Financial excellence
· 84 month ERC increased to £1,478.5 million (31 December 2016: £1,339.1 million).
· Increase in capital-light Asset Management revenues to 22.8% of total revenue (H1 2016: 16.9%)
· Successfully raised €400 million senior secured floating rate notes due 2025, at a coupon of E+2.875%, reducing the Group’s weighted average cost of debt to 3.9% (31 December 2016: 4.9%) and average debt facility maturity of 6.8 years as at 30 June 2017 (31 December 2016: 5.9 years)

Strong returns
· Underlying profit after tax up 35.5% to £25.8 million (H1 16: £19.1 million) Underlying basic earnings per share (EPS) increased 35.8% to 14.8p (H1 2016: 10.9p)
· Statutory profit after tax down to £3.7m (H1 16: £16.5m), reflecting the impact of post-tax costs associated with the refinancing in March 2017 of £22.1 million
· Underlying LTM Return on Equity (ROE) of 32.8% (H1 2016: 27.4%)
· Interim dividend of 3.2p per share (H1 2016: 2.7p), up 18.5%

Lee Rochford, Group Chief Executive Officer, commented: “Arrow has delivered another period of strong, profitable growth.
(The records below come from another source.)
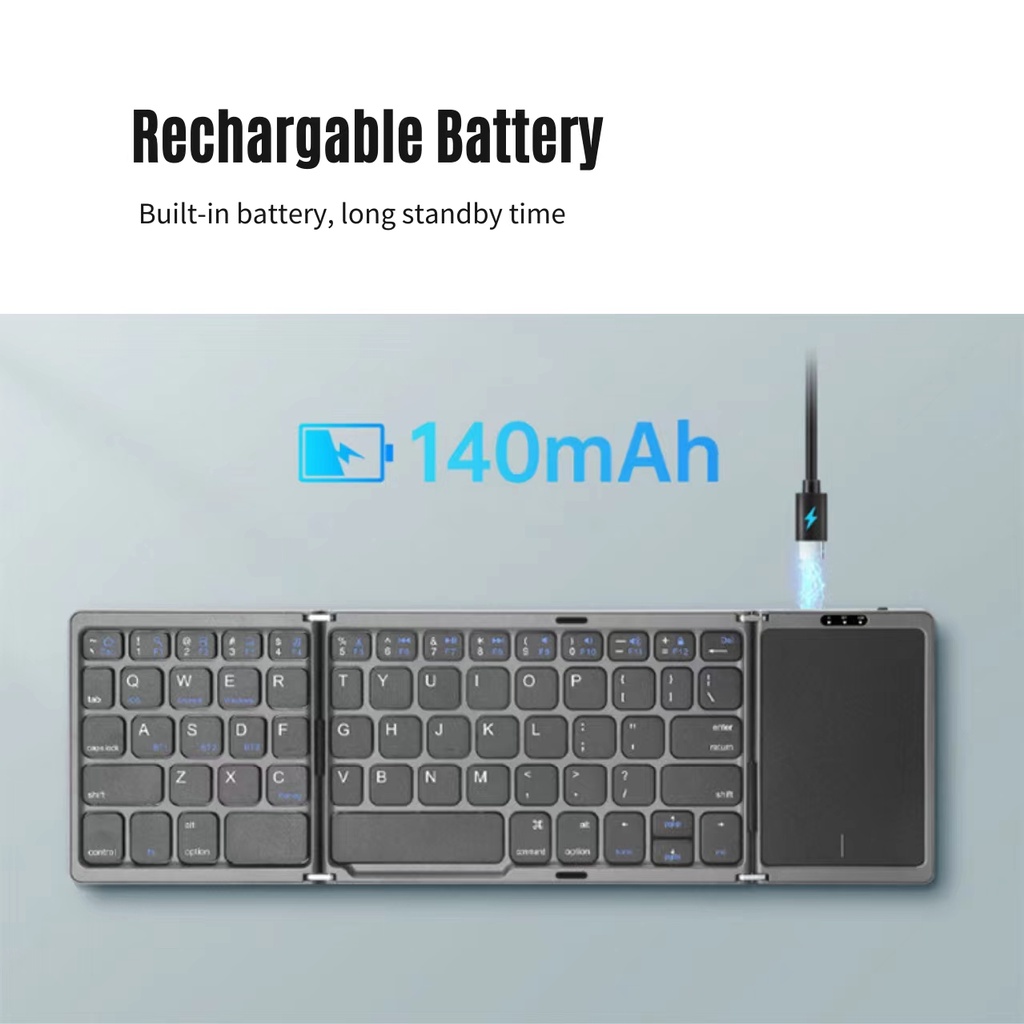 Bàn Phím Bluetooth Không Dây B089T Ba Màu Tương Phản Có Bàn Phím Cảm Ứng Cho iPAD Tablet Laptop PC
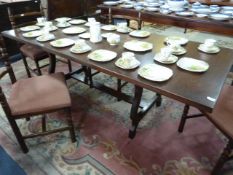 Oak Extending Refectory Table with Four Chairs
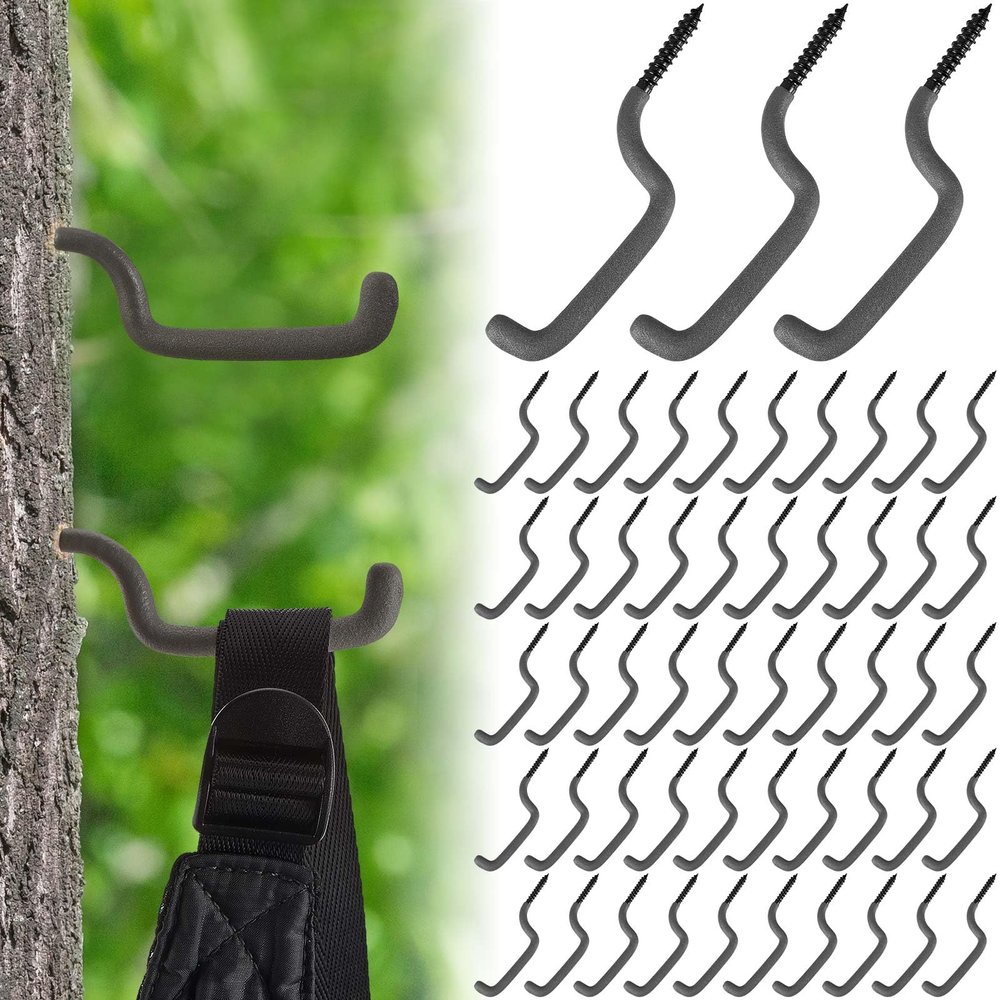 Amylove 80 Pcs Bow Hangers for Tree Stand Bow Hooks for Hunting Archery Bow Hunting Accessories Tree Stand Accessories Bow Gear Holder Screw in Accessory Hook Hunting, 4.5 x 1.5 Inch (Gray)
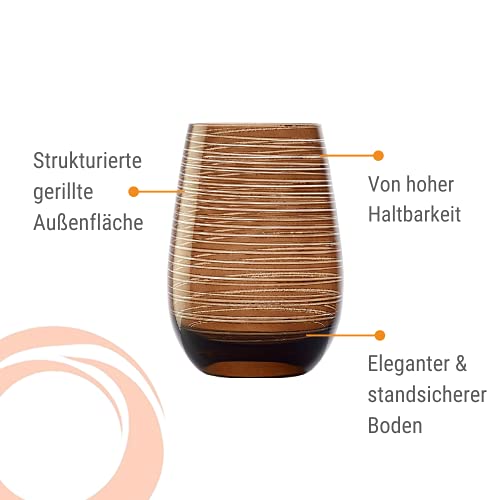 Stölzle Lausitz Wassergläser Twister Braun 6er-Set 465 ml – Allroundgläser für Wasser, Saft & Cocktails – Hochwertige Trinkgläser aus bleifreiem Kristallglas – Spülmaschinengeeignet & stoßfest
Revenues grew 47.6% to £149.8 million with underlying profit after tax up 35.5% to £25.8 million. Our returns-focused mindset continues to yield results with underlying Return on Equity increased to 32.8%. We are pleased to announce an interim dividend of 3.2p, up 18.5%.

"We continue to implement our active diversification strategy. Our capital-light asset management revenues have approximately doubled, and our portfolio investments are nicely balanced across geographies, asset classes and vintages.

"Our entry into Italy is progressing well, and, we have announced today our intention to acquire Mars Capital. This will add significantly to our UK secured servicing capabilities, and provide a low-cost strategic entry into Ireland, a new market for the Group. In H2, we expect to complete the sale of our 15% interest in MCS Groupe, which will deliver an excellent return to shareholders and enable us to redeploy capital in faster growing markets.

"Our pan-European market position, scale and unique origination capabilities continue to underpin our outlook for growth. We now address over €1 trillion of market opportunity, with leading platforms and are investing to ensure Arrow Global has leading capabilities in the industry.

"A strong pipeline in all of our core markets gives us confidence to meet our earnings expectations for the year and in delivering a medium-term underlying ROE percentage in the mid-twenties, high-teen EPS growth and a progressive dividend policy.”